Dari balik jendela kaca sepertinya langit mulai terlihat gelap, sementara apa yang kami bahas seperti tak kunjung usai. Lihat bagaimana dr. Hardi masih duduk menjadi juru bicara di antara kami. Ia menjelaskan beberapa masalah pada jantung mas prams yang terjadi akibat kurangnya waktu tidur. Iya jauh sebelum mengenalku mas prams memang jarang tidur ia biasa berada di depan layar laptopnya hingga larut malam atau bahkan tidak tidur sama sekali.

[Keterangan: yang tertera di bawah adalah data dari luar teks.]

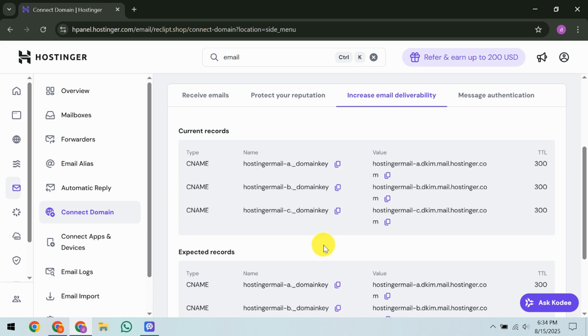After generating, add the provided TXT record in your DNS, ensuring accuracy with the hostname and the value from your generated DKIM. Just like the CNAME records, you'll need to allow the propagation period of up to 24 hours.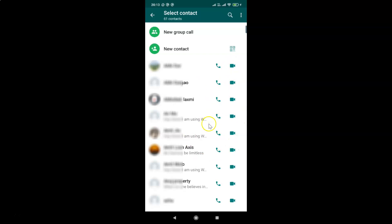That's it. In this way, you can easily reduce data usage during WhatsApp voice and video calls on Android. Thanks for watching. If you like my videos, please support this channel by subscribing to it. Thanks, bye bye.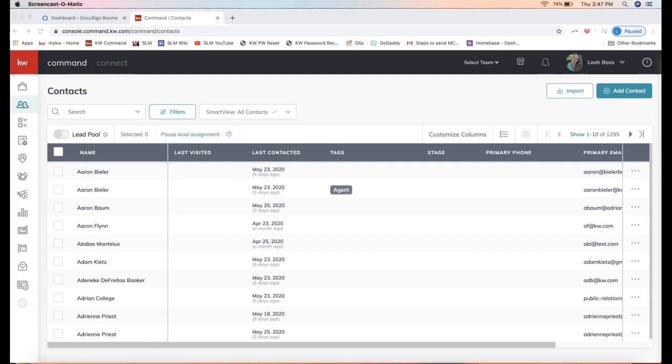Hey guys, this is Leah with Scott LaRoy Marketing. In today's tip video, I'm going to show you how you can create an opportunity from a contact record itself. There are two ways to get to your opportunities in KW Command.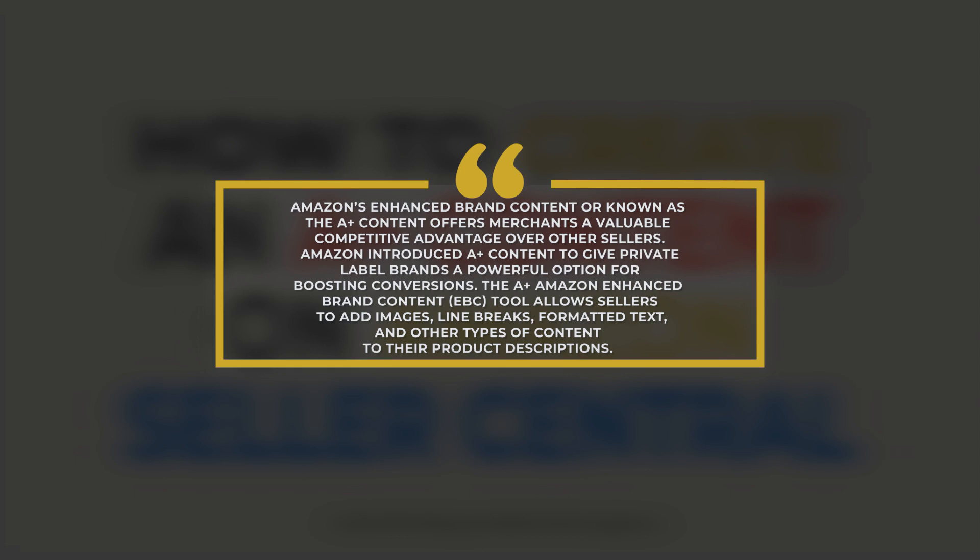The A-plus Amazon Enhanced Brand Content, or EBC, tool allows sellers to add images, line breaks, formatted text,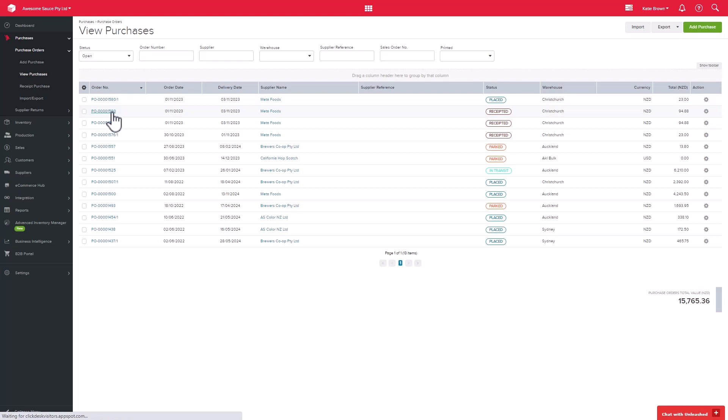Once done, the status will change to receipted. Now you may encounter a situation where your freight invoice is issued after you receive the goods. In this case, Unleashed gives you the ability to add costs after the goods have been receipted, as long as you have not yet completed the purchase order.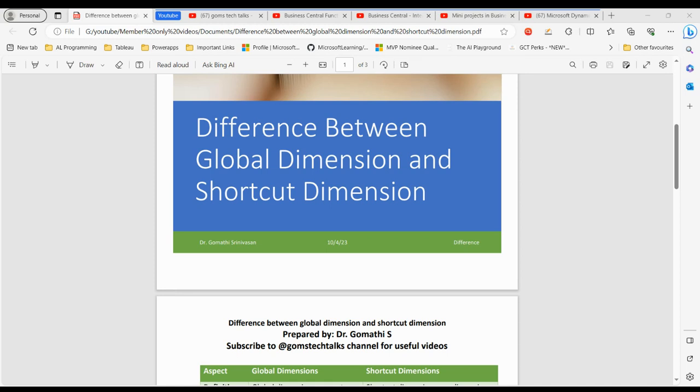Hi everyone, welcome back to Gom's Tech Talks channel. I'm Dr. Gomarty. Today we are going to dive into a crucial topic in the world of business and finance — the difference between global dimensions and shortcut dimensions in Business Central. These are essential for categorizing and analyzing data within your organization. I'll break down the key differences, provide real-world examples, and explore when to use each.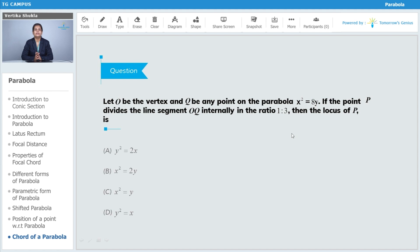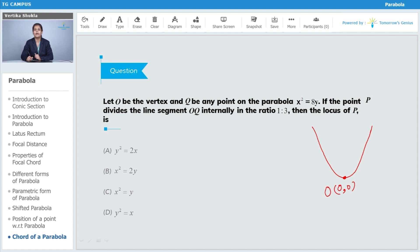The question says: let O be the vertex and Q be any point on the parabola x² = 8y. If point P divides line segment OQ internally in the ratio 1:3, find the locus of P. The parabola x² = 8y has its vertex at (0,0), which we denote as O. Let Q be any point on the parabola with coordinates (x, y), so Q satisfies the equation of the parabola.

Ia seakan terobsesi bekerja, padahal sebenarnya mas prams bisa saja duduk santai ongkang kaki di rumah toh omset dari beberapa usahanya akan tetap masuk. Sepertinya obsesi itu telah terlanjur dalam ketika bayangan masa silam tak kunjung tenggelam, masa di mana ia tidak mempunyai apa-apa dan orang-orang pun menganggapnya bukan apa-apa.
"Dok.. Detak jantungnya turun lagi" Seorang suster tiba-tiba datang memotong perbincangan kami.
dr. Hardi langsung bergegas ke ruang IGD, ia meninggalkan perbincangan begitu saja. Aku, ibu, ega, dan reza berlari mengikuti dr. Hardi meski kami tidak bisa masuk ke ruang IGD. Tidak ada yang bisa kami lakukan kecuali berusaha mengintip apa yang sedang terjadi di dalam sana. Sayup-sayup aku mendengar seorang dokter berkata denyut jantung mas prams tidak terdeteksi.
Tiiiiiitttttt..
Dari dalam sana terdengar suara berdetit panjang seperti suara pada alat monitor jantung.
"Suara apa neng?" Tanya ibu pada ega.
"Sepertinya suara tanda detak jantungnya telah berhenti" Jawab ega apa adanya. Ingin rasanya ku tutup mulut ega agar tidak mengatakan sesuatu yang buruk segampang itu meski aku pun tau saat ini segala kemungkinan terburuk bisa saja terjadi pada mas prams.
"Maaf bu.." Ucap seorang suster yang baru keluar dari ruang IGD terputus karena tiba-tiba saja ibu meraung.
"Mpreet.." Ibu sesenggukkan memanggil-manggil mas prams.
"Apa yang terjadi sus?" Tanyaku di antara ratapan ibu.
"Maaf mbak, dokter meminta orang tua pasien untuk masuk karena kemungkinan pasi..en..." Ucap suster lagi-lagi terputus karena kini aku beranjak meminta suster untuk masuk bersamaku.
"Bu, aku janji semuanya akan baik-baik saja" Ucapku sebelum masuk ruang IGD. Lagi-lagi aku berlagak seolah aku orang yang paling berhak atas diri mas prams, aku berlagak seolah aku orang yang paling bisa mengendalikan mas prams bahkan di saat nyawanya telah berada di ujung kematian. Angkuh memang, tatkala aku berpikir bisa membelokkan sebuah takdir kematian hanya karena aku yakin mas prams menggilaiku dengan segenap hidup dan matinya.